In 1991, the New York City subway was plastered with enormous couch posters, part of an ad campaign by the Archdiocese of New York. They bore the caption (some in English, others in Spanish), “Some people find the same peace of mind sitting in a pew. Come home at Easter. The Catholic Archdiocese of New York.”
As a young psychiatrist and candidate in psychoanalytic training in Manhattan, I was taking the subway four times a week to my analyst’s office to lie on just such a couch. These ads were obviously not aimed at psychoanalytic trainees like me. But who, I wondered, comprised the target audience? And why was the Church so confident that subway riders would easily decode the image, and understand the implied link between couch and pew?
The couch endures as a symbol of self-reflection and healing. It’s shorthand for the therapist in cartoons and movies, even as the popularity of psychoanalytic treatment wanes. We could say the couch is healthier than the field of psychoanalysis itself, and I would add that its iconic status in culture contrasts with how it’s increasingly viewed by contemporary analysts, many of whom see it as a relic of a more authoritarian era, a power play on the part of the analyst that supposedly blocks the path to authentic emotional engagement. Are they right? The research hasn’t been done, so we can’t know which patients will find it liberating, and which discomfiting.

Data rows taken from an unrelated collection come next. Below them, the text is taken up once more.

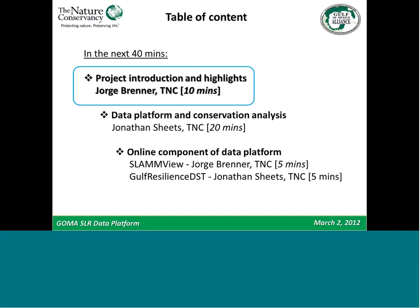I'll talk for about 10 minutes about the project management, introduction, and some highlights and lessons learned. Then Jonathan will take most of the presentation to talk about the data platform and the conservation analysis built after running the sea level rise and storm surge models, including the SLAM sea level rise results and the Gulf Resilience Decision Support Tool where we're posting the rest of the analysis — the SLAM storm surge and the conservation analysis.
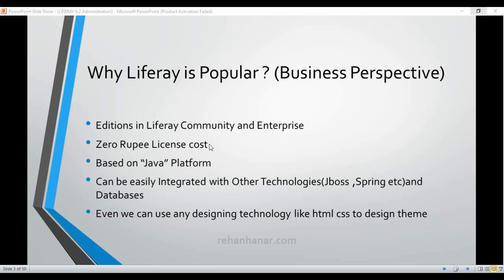Hope you guys like this tutorial. Do subscribe for more Liferay videos. Thank you, see you in the next tutorial. Bye-bye.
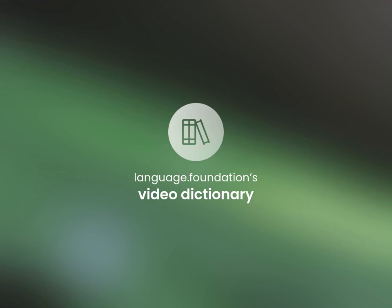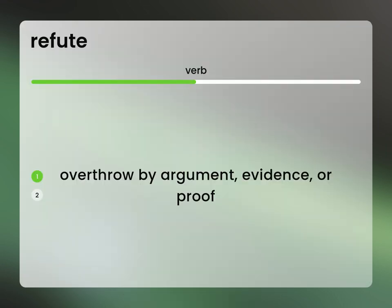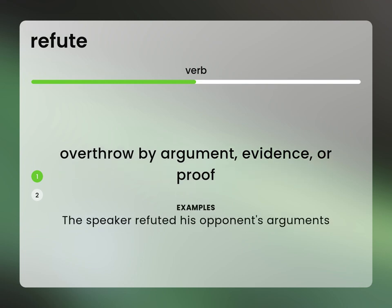Language.Foundation's Video Dictionary, helping you achieve understanding. Refute: Overthrow by argument, evidence, or proof. The speaker refuted his opponent's arguments.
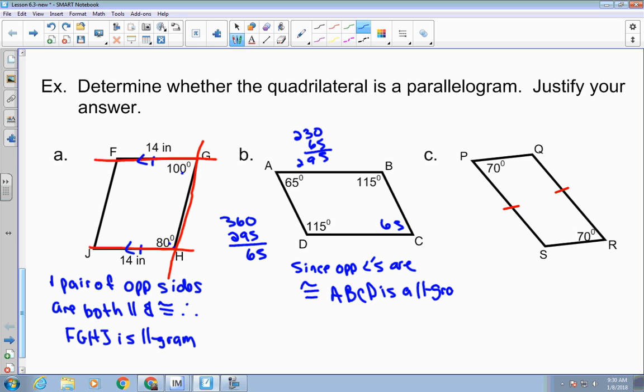You could also say opposite sides are parallel, because the consecutive interior angles — 115 and 65 — are supplementary all the way around, which means opposite sides are parallel.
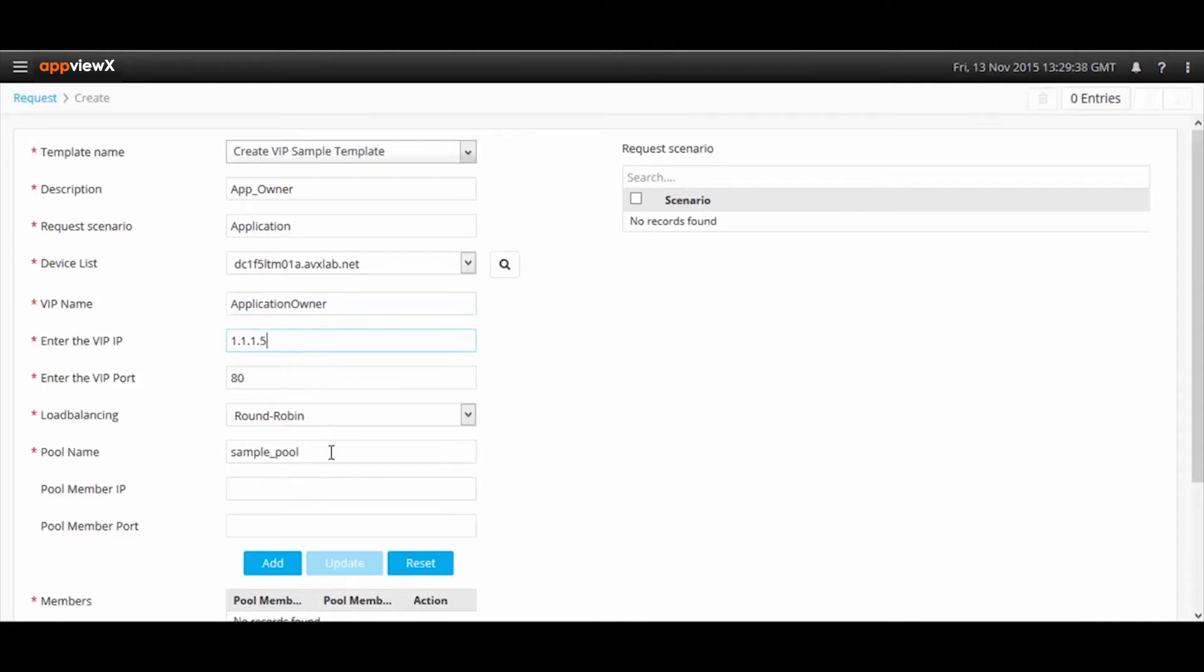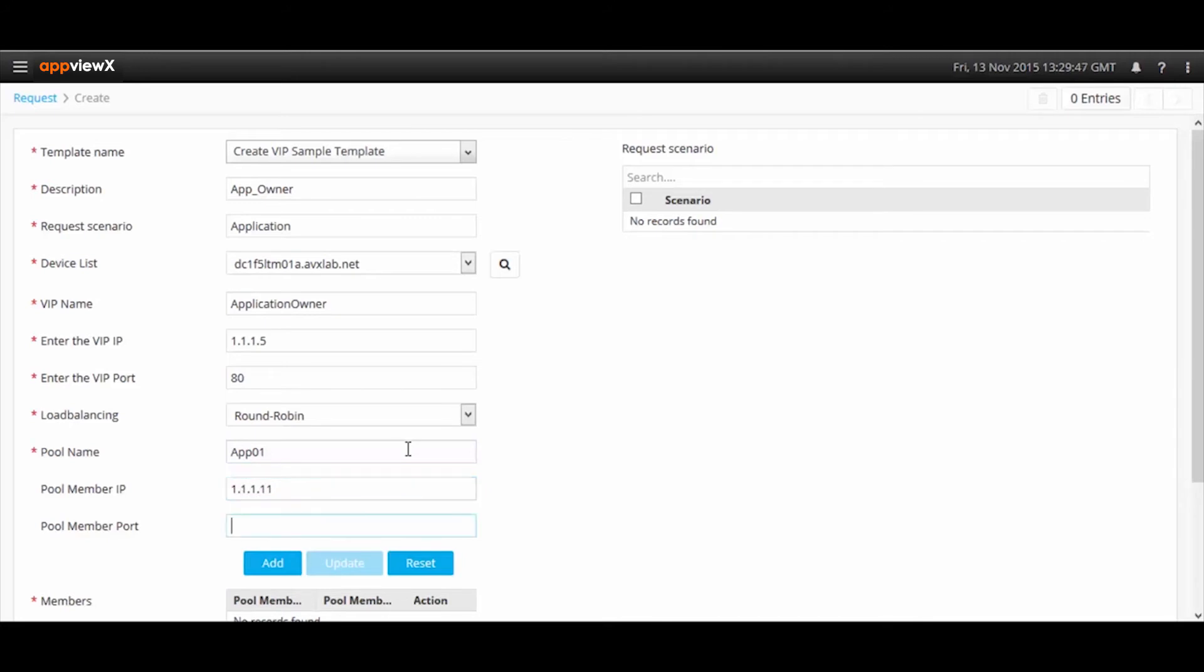The same can be applied for the pool and pool member information. Such forms can be built based on customized requirements and given to individual users or groups of users.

Freud famously said that he got patients to lie on a couch because he couldn’t stand being stared at all day, but he never explained why a recumbent posture should be preferred to simply arranging the chairs so that analyst and patient didn’t face each other. Freud’s couch, heavily decorated with rugs, pillows and blankets, and surrounded by his extensive collection of antiquities, has the look of a Turkish divan. It speaks volumes about its owner’s taste and interests. Most contemporary analysts prefer the more spartan couch seen in cartoons and illustrations today. Even analysts who have forsaken the couch often retain one as part of their office décor.
For such an enduring icon, it’s surprising the origins of its use have never been fully explored; the analytic literature is strangely silent on the subject. Following Freud, the couch became a fixture of analysts’ offices, but no one seemed to know why.
If analysts can’t offer any insights, maybe social history could. When I began to research Greek and Roman customs of reclined dining, I found that far from symbolising submission to medical authority, recumbence in social settings has long served as an expression of freedom, pleasure, luxury and intimacy. But by the 19th century and beyond, it became less socially acceptable.
Even today it’s difficult to know with any degree of certainty who is best suited to using the couch during treatment – although I continue to recommend it to most patients I treat. But I don’t insist on it, and try to gauge the patient’s interest first.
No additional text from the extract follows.